White isn't the only one in the upper reaches of baseball's hierarchy who is fed up with the politics of the game. "I feel like a punching bag," said an official from the commissioner's office. "Every time I get up from a hit, I get smashed again."
5) On Dec. 7, at 11:25 p.m., the Milwaukee Brewers announced that they had offered free-agent infielder Paul Molitor salary arbitration. The announcement offered hope that the Brewers could re-sign Molitor, who had played all 15 of his big league seasons in Milwaukee and has been a hero and a community leader there. Brewer general manager Sal Bando was briefing the media about Molitor's situation when representatives of the Toronto Blue Jays blew through the door and announced that they had signed Molitor to a three-year contract for $13 million. All color vanished from Bando's face as the Blue Jays walked off with his best player. The Brewers' best offer had been a meager one-year, $2.5 million contract.
This was a prime example of a wealthy, big-market team overpowering a struggling, small-market team. Molitor said last summer that if he were ever to win a world championship, "I want it to be in Milwaukee. Any place else just wouldn't be the same." But the Brewers couldn't afford to keep him. Contenders last year, they won't be in 1993.
6) At two in the morning on Dec. 8, in the lobby bar at the Gait House, Dennis Gilbert, the agent for Bonds, and Larry Baer, the executive vice-president from the ownership group that is buying the Giants, were frantically running in and out to make copies and send faxes. They were finalizing a deal that would pay Bonds $43.75 million over the next six years, the largest contract in baseball history.

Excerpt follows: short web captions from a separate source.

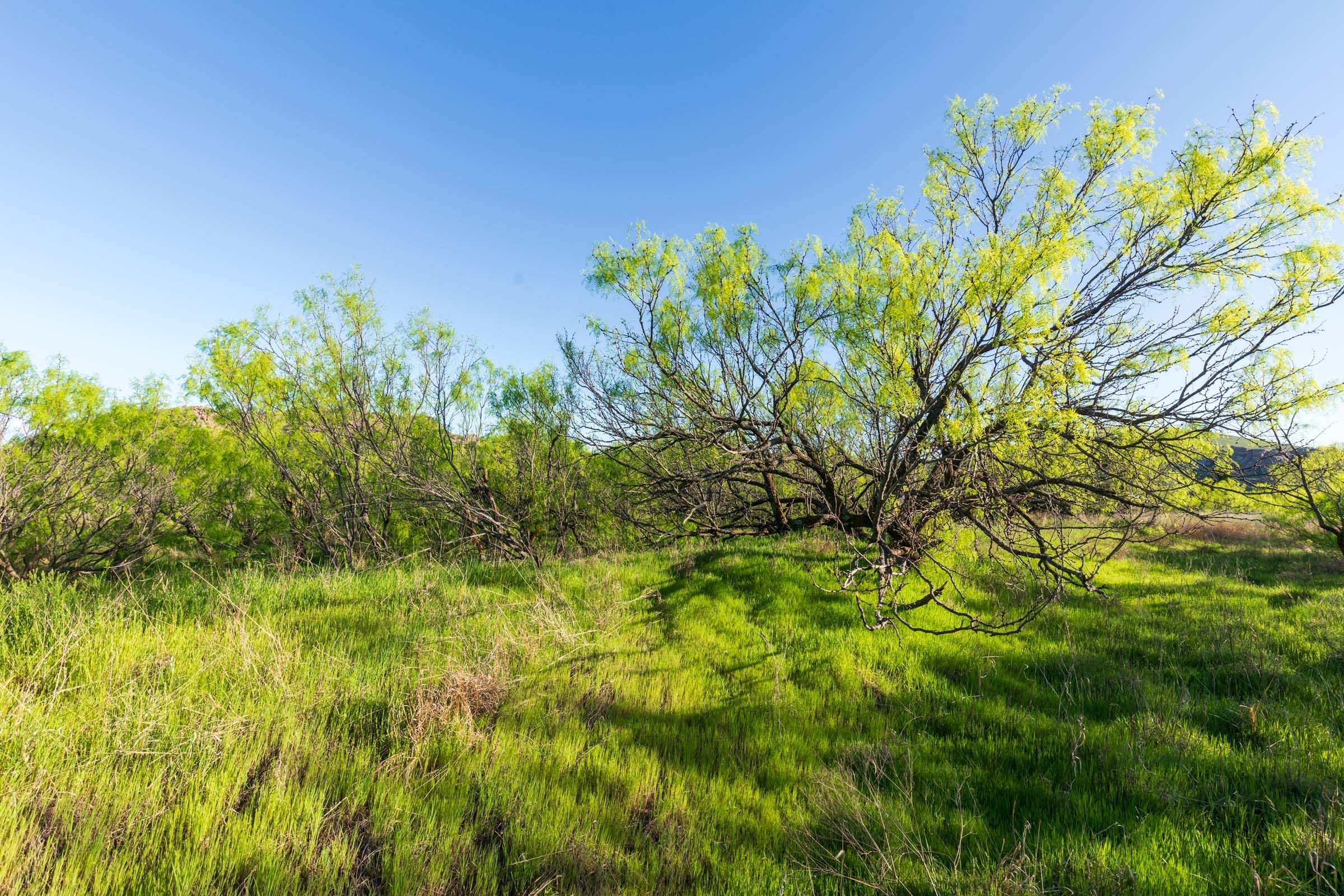 Hackberry Fields Tract 20 photo 19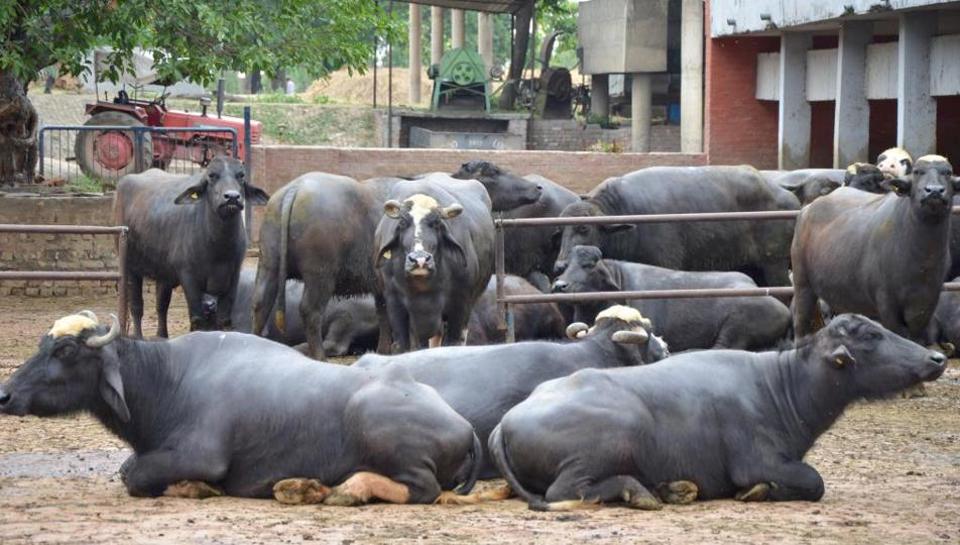 ಉ.ಪ್ರದೇಶ: ಗುಂಪು ಘರ್ಷಣೆಯಲ್ಲಿ 12 ರೈತರಿಗೆ ಗಾಯ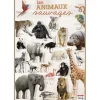 Poster pédagogique Animaux Sauvages - 52 x 76 cm - Bouchut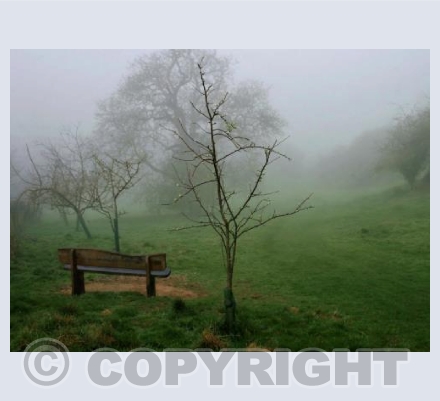 Orchard Fog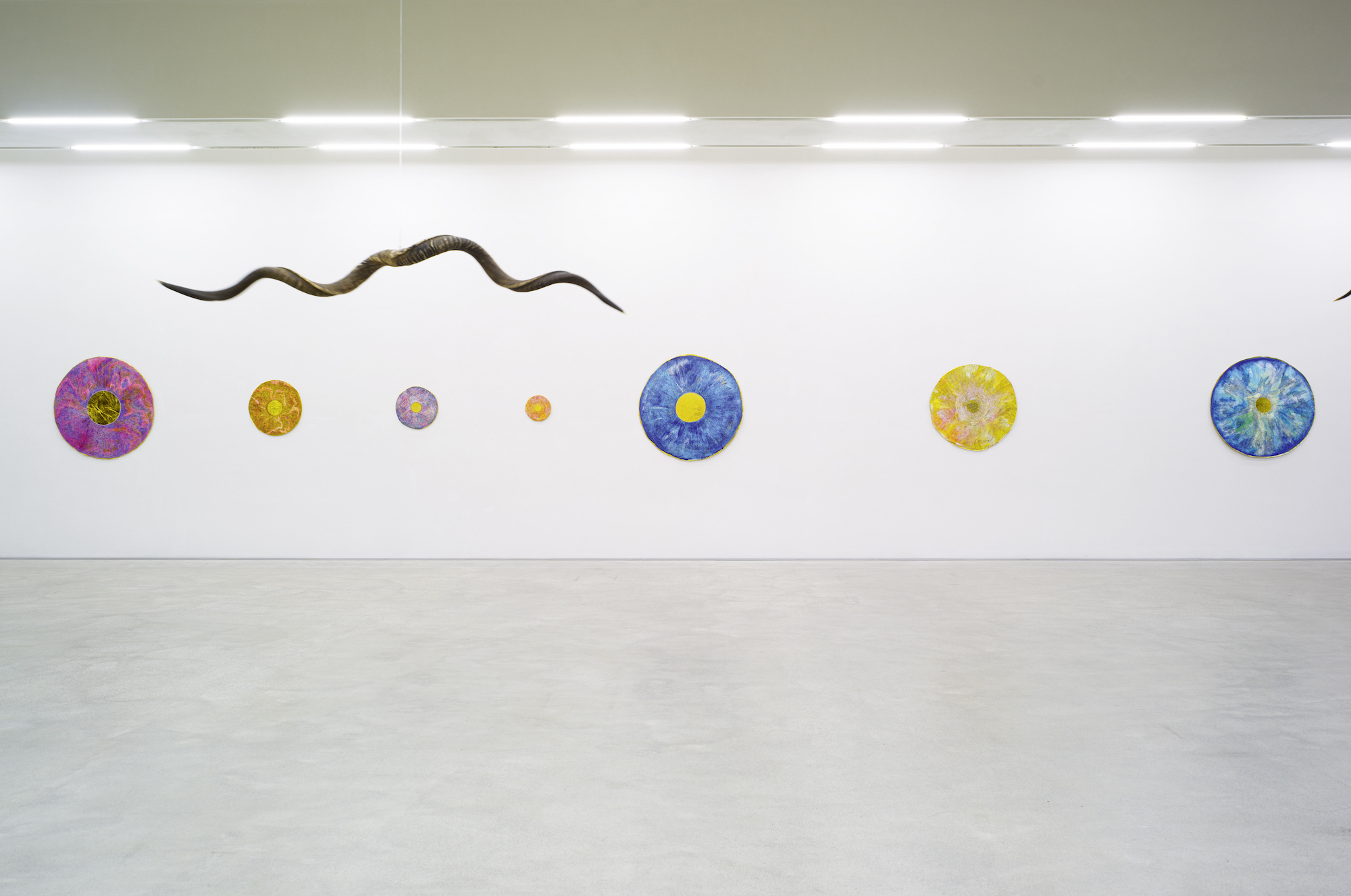 CIRCLES EXHIBITION BARBARA HUSAR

Deals used to mean trades, but now they usually mean free-agent signings. In Louisville there were five trades (most of them small potatoes) and 36 free-agent signings to contracts totaling more than $230 million. Agents seem to be running baseball. "I hate to say this about a fellow agent," said one player representative, "but I just rode down in the elevator with Bonds and Gilbert. I think I'm going to puke. But I still have my wallet."